• **Assignment**: The whole listing, exactly as given: write it out, leaving out each image.

• **Collected material**:
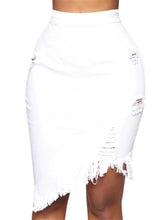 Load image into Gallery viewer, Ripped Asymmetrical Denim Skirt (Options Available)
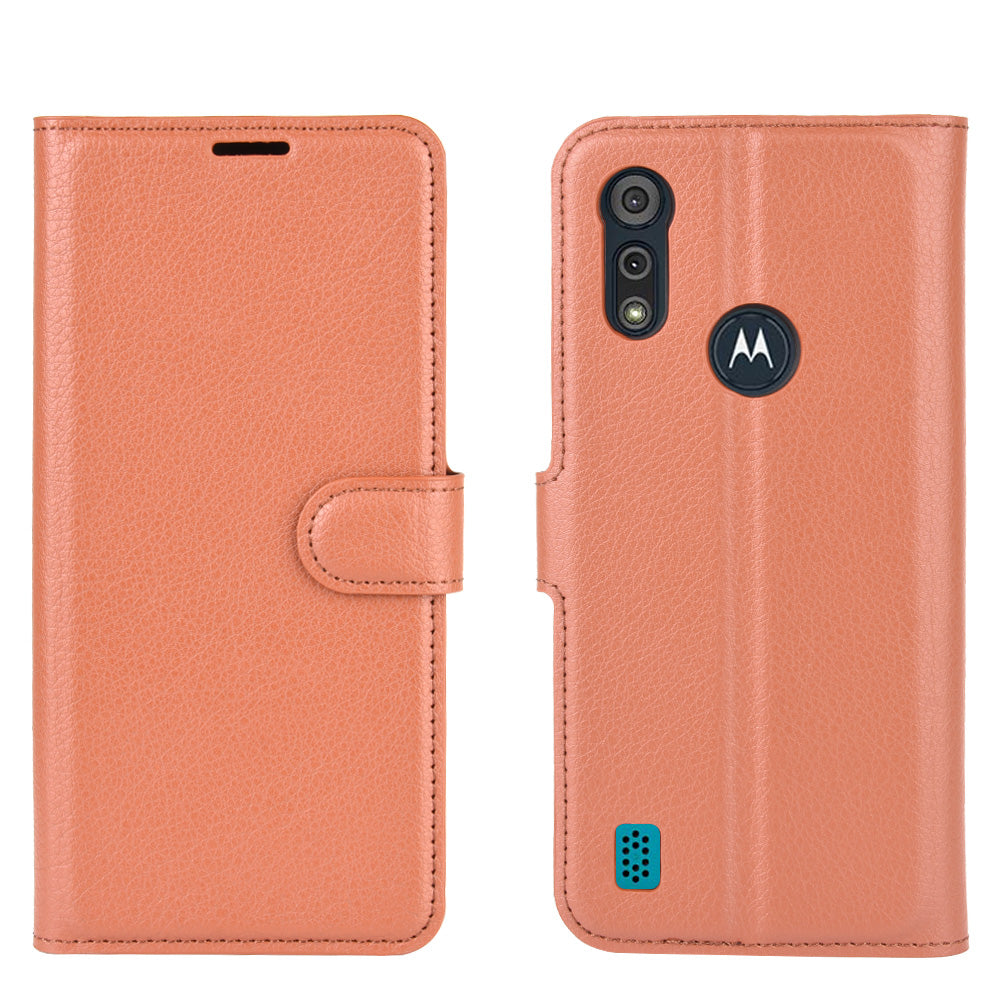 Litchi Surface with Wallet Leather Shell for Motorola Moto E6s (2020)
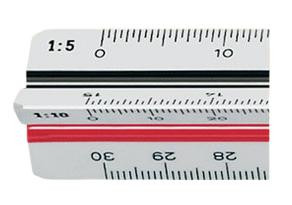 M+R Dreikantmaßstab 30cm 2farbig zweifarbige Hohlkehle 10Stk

• **Exercise response**:
 Load image into Gallery viewer, Ripped Asymmetrical Denim Skirt (Options Available)
 Litchi Surface with Wallet Leather Shell for Motorola Moto E6s (2020)
 M+R Dreikantmaßstab 30cm 2farbig zweifarbige Hohlkehle 10Stk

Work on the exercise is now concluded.